Women think too much. They are a threat to us all. Let’s scramble their brains.

(micro chips are inserted into women’s brains)

Women:
Oh no you don’t.

(the women’s brains are unscrambled and men do all the shopping)

THE END

6/10.



LIFE or SOMETHING LIKE IT (Blockbuster DVD):

Angelina Jolie

I am a stuck up little miss perfect news reporter with a big career ahead of her. Lets patronise this street preacher and put his theories to the test: Any predictions smelly? (wink wink)

Preacher

The score in the big game will be 32-20 and it will hail tomorrow. And you will die on Thursday.

Angelina Jolie

Well there you go folks another wacko. By the way I hate you Mr Cameraman and wouldn’t date you if you were the last man alive (dates him and SLEEPS with him).
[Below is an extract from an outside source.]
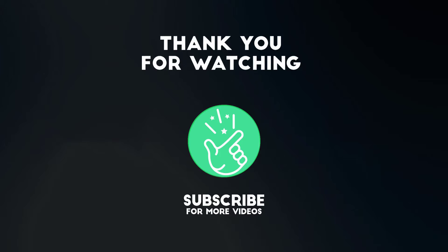If you have any questions or need further assistance, feel free to leave a comment below and I will be happy to help. Also tell me in the comments which Adobe Illustrator tutorial you want next. Until next time, keep exploring the wonderful world of Adobe Illustrator. See you in the next video.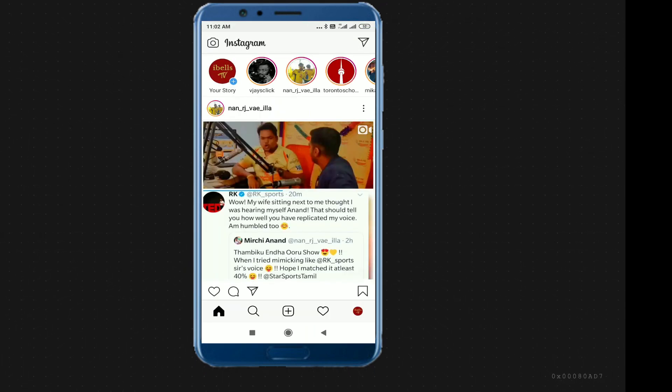In this video, we will see how we set the dark mode. We will see how we change our Android mobile. Let us see how we change our Android mobile.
Whilst in a bar the big game ends 32-20, then it hails…

Angelina Jolie

Oh my God I’ve wasted my life.

Gets shot in the street, dies, then is revived after several thousand bolts of electricity.

Angelina Jolie

I love you Mr Cameraman. Let’s be happy instead of being pretentious and stuck up.

Mr Cameraman

Speak for yourself.

THE END

5/10.



13 GOING ON 30 (UCI Cardiff):

Jennifer Garner (aged 13)

I hate being 13. I wish I was 30.

Fat boy (aged 13)

I love you just the way you are.

(magic dust falls on her and she wakes up aged 30)

Jennifer Garner (aged 30)

Oh my God I’m 30, and I hate it. I love the fat boy who is now cute.

Fat Boy (aged 30)

Do I know you?

Jennifer Garner (aged 30)

I hate being 30. I wish I was 13 again.

(changes back)

Jennifer Garner and Fat boy (both aged 13)
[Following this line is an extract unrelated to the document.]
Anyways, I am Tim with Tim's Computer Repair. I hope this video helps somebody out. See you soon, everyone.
We love each other. Lets get married in 17 years time.

THE END

7/10.



GOSSIP (Five):

Three unknown actors spread rumours around the college campus about Kate Hudson and IT IS FUN.

Handsome Guy No.1

I’m gorgeous, everyone loves me and believes anything I say.

Kate Hudson

Hey, Handsome Guy no.2. You raped me.

Handsome Guy No.2

No I did not.

Kate Hudson

Hey Handsome Guy no.1, who played Cyclops in X-Men, I went out with you years ago. You raped me.

Handsome Guy (2)

No I didn’t. Oh bugger, yes I did didn’t I? Sorry about that. I also told everyone Handsome Guy no.2 raped you. Sorry. Everyone in the college now hates me.

(Nothing happens)

THE END

4/10.



THE HUMAN STAIN (DVD):

Anthony Hopkins

Would you believe it, I’m accused of racism despite being a black man myself.

Nicole Kidman

I’m a lunatic who does it all ways with older men.

Ed Harris (jealous ex husband)

Die bitch. Die old man.

(he runs them off the road and they die)

Gary Sinese (narrator and novelist)

I’ll make a fortune from this story.

THE END

4/10.



TWISTER (ITV2):

Two hours of special effects featuring flying cows and combine harvesters plus properties and crops being thrown into the air and destroyed. IT LOOKS GREAT AND YOU GO ‘WOW’.

Bill Paxton (former Tornado expert)

I invented a new system of measuring the velocities inside Tornados but I’m trying to divorce my insane obsessed wife and marry a whimpering doctor instead. I’m no longer interested in Tornados.

Helen Hunt (Tornado chaser and ex-wife)

I still love you.

Bill Paxton

Me too. The wedding’s off. Let’s set up a new Tornado chasing business.

THE END

7/10.



THE TERMINAL (UCI Cardiff):

Tom Hanks

I have the most convincing Russian-English accent yet even though I’m from a fictitious Eastern Bloc country.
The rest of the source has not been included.